Beckman Coulter launches the ClearLLab 10C System for the clinical flow cytometry lab. The new system includes the first 10-color CE-IVD panels of immunophenotyping reagents for both lymphoid and myeloid lineages. The tubes utilize DURA Innovations dry reagent technology for the panels, which requires no refrigeration.
Alongside the panels, the integrated ClearLLab 10C system comprises:
- ClearLLab Control Cells -a liquid preparation of stabilized human erythrocytes and leukocytes (lymphocytes monocytes and granulocytes) - the first application-specific IVD control cells for L&L immunophenotyping as part of a validated system. ClearLLab Control Cells include assay values for the 27 markers currently available on the four ClearLLab10C panels, available for both normal and abnormal controls.
- New ClearLLab Compensation Beads for establishing compensation using the ClearLLab compensation kit, which includes 10 single color tubes for each compensation setup.
- Enhanced QC features of Kaluza C analysis software, v1.1 or higher.
The ClearLLab 10C System incorporates the company’s new Kaluza C software to streamline and standardize clinical QC reporting to international guidelines.
It delivers high-quality results from dry unitized combinations of CD (cluster of differentiation) markers, using Beckman Coulter’s DURA Innovations dry technology. These pre-formulated antibody combinations help the lab avoid the potential errors of manual antibody cocktail preparation.
The four ClearLLab 10C panels are designed specifically to run on Beckman Coulter’s Navios and Navios EX flow cytometers, with new, advanced Navios compensation setup software.
When using the ClearLLab 10C system, compensation is only required on initial set-up of the application, when daily QC fails, after instrument service as needed, or when switching to a new lot of Flow-Set Pro.
With the ClearLLab 10C System, laboratories now have a portfolio of flow cytometric tools - enabling them to provide accurate patient results for L&L analysis in a compliant lab setting, without needing to carry out extensive manual validation, preparation and QC tasks.
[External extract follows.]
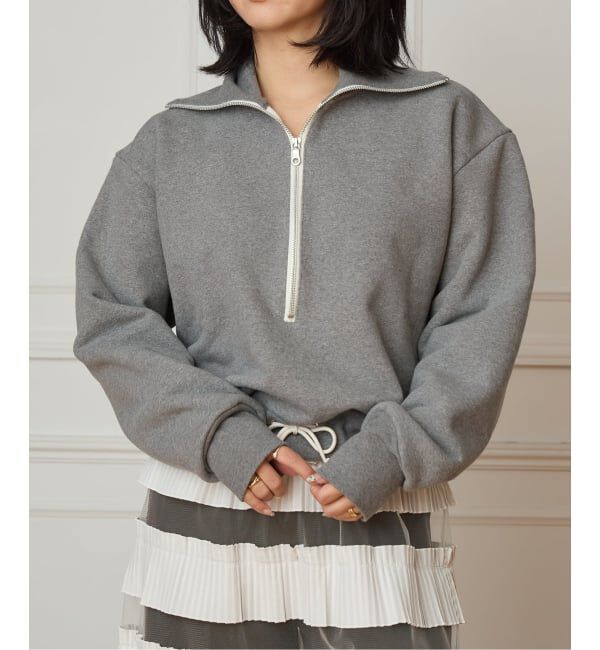 ファッションメンズお薦め|【イエナ/IENA】 JUN MIKAMI/ジュンミカミ スウェットプルオーバー 29AW-28S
ClearLLab 10C is also supported by a unique, training resource, the ClearLLab 10C case book. This provides 24 diagnostic vignettes giving characteristic findings after flow cytometric analysis, with expert assessment by hematopathologists. Labs can also compare the interpretation of their own findings with the analysis in the casebook.
The ClearLLab 10C System is an integrated solution, offering labs standardized workflow that delivers greater confidence in the consistency and reliability of their clinical findings.
Further, it reduces the time-consuming, error-prone pipetting steps of lab-developed tests, replacing them with a more time-efficient alternative that also simplifies clinical QC reporting.”
Dr. Mario Koksch, Vice President of Cytometry at Beckman Coulter
With the ClearLLab 10C System, workflow is reduced to four straightforward, standardized steps– sample processing, sample acquisition, reporting and validation (see Figure).
The reagents can be used with peripheral whole blood (collected in K2EDTA, Acid Citrate Dextrose (ACD) or Heparin), bone marrow (collected in K2EDTA, Acid Citrate Dextrose (ACD) or Heparin) and lymph node specimens.
In 2017, the five- color ClearLLab Reagents panels were the first pre-formulated, IVD antibody cocktails for leukemia and lymphoma immunophenotyping to be approved by the FDA de novo process for in vitro diagnostic use in the US.
The FDA confirmed that they provided ‘consistent results to aid in the diagnoses of these serious cancers’ after evaluating data from a multi-site clinical study (which compared panel results to alternative detection methods).
ClearLLab reagents follow the 2006 Bethesda International Consensus Recommendations on the Flow Cytometric Immunophenotypic Analysis of Hematolymphoid Neoplasia. They are compatible with the World Health Organization (WHO) 2016-revised classification of myeloid neoplasms and acute leukemia.
WHO, in collaboration with the European Association for Hematopathology and the Society for Hematopathology, recently made important changes to the classification of these diseases. These included new criteria for the recognition of some previously described neoplasms as well as clarification and refinement of the defining criteria for others.